[COLLECTED MATERIAL]
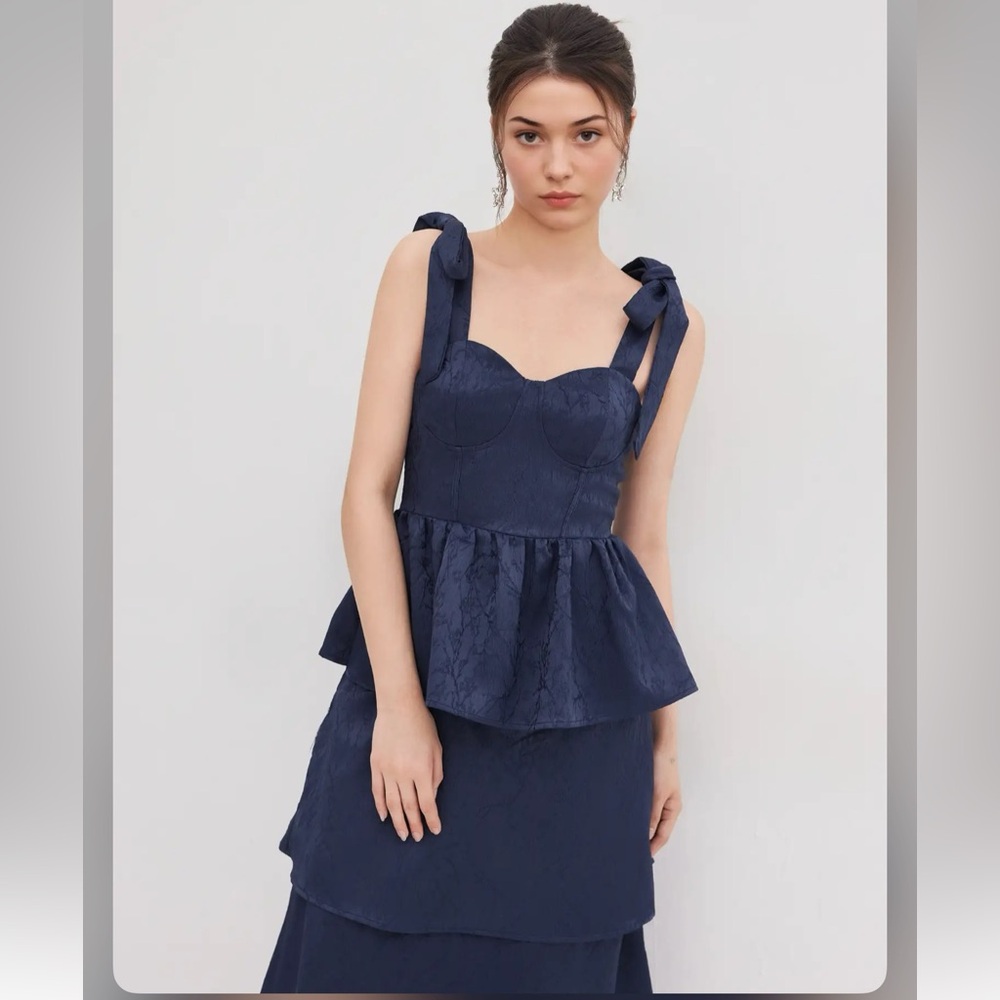 Cider JACQUARD SCOOP NECKLINE SOLID BOWKNOT LAYERED MAXI DRESS - Picture 5 of 5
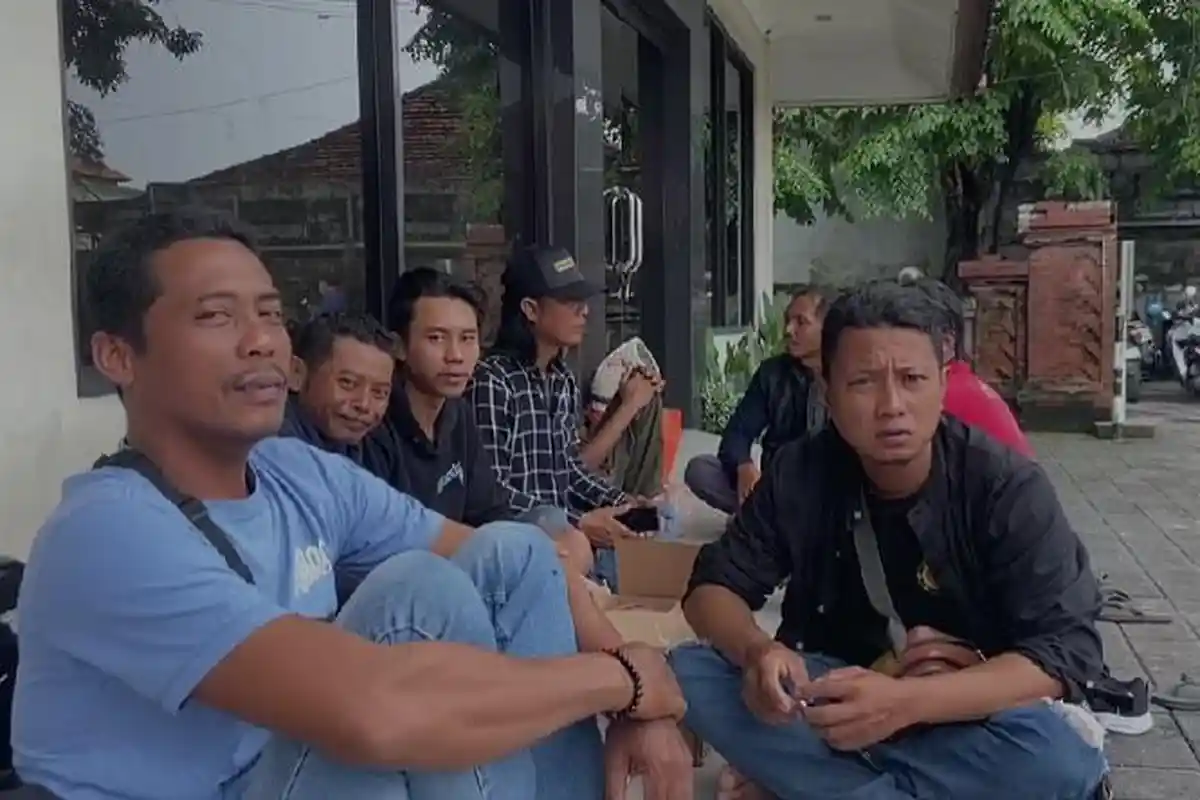 Update Longsor di Denpasar: Pihak Keluarga Tunggu Berkas Kepolisian untuk Pemulangan Jenazah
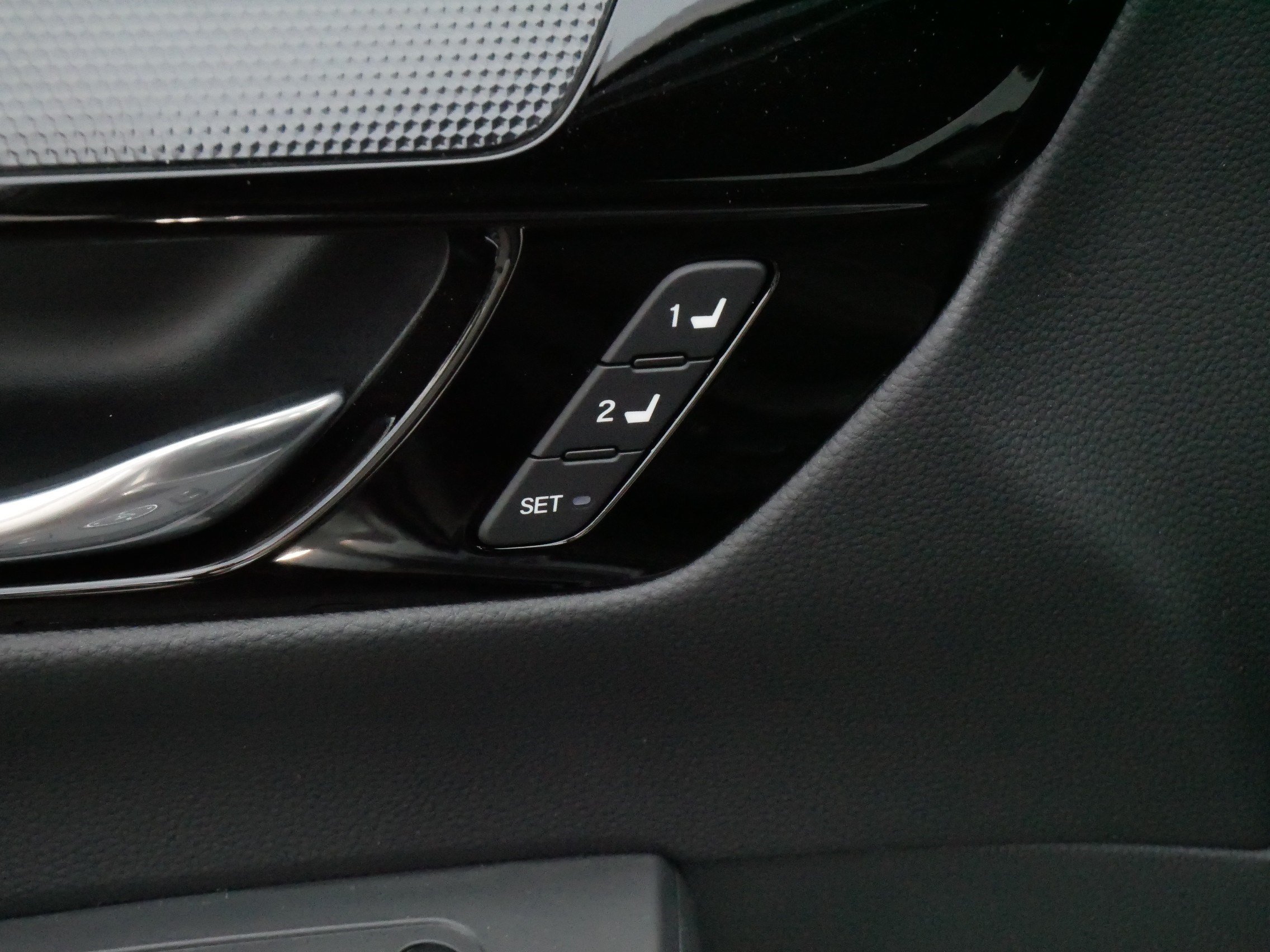 Used 2026 Honda CR-V Sport Touring image 19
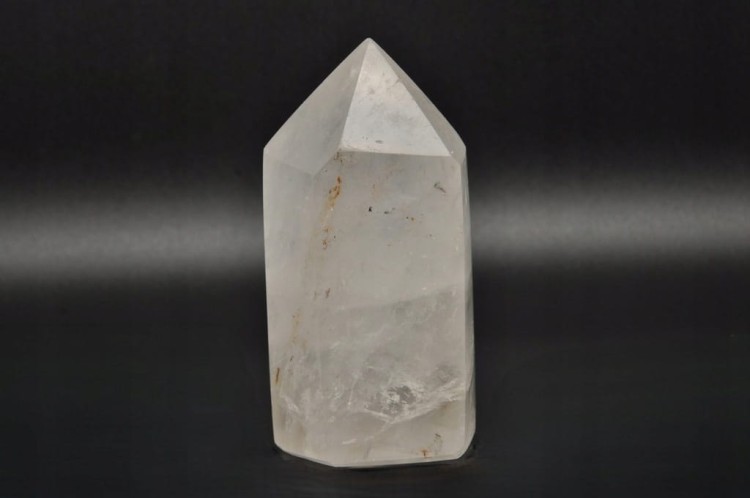 * KRYSZTAŁ GÓRSKI OBELISK WIEŻA SZLIFOWANA BEZBARWNY MINERAŁ NR 7 *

[YOUR TASK] Print the full listing exactly, dropping the pictures.

[ANSWER FOR THIS EXERCISE]
 Cider JACQUARD SCOOP NECKLINE SOLID BOWKNOT LAYERED MAXI DRESS - Picture 5 of 5
 Update Longsor di Denpasar: Pihak Keluarga Tunggu Berkas Kepolisian untuk Pemulangan Jenazah
 Used 2026 Honda CR-V Sport Touring image 19
 * KRYSZTAŁ GÓRSKI OBELISK WIEŻA SZLIFOWANA BEZBARWNY MINERAŁ NR 7 *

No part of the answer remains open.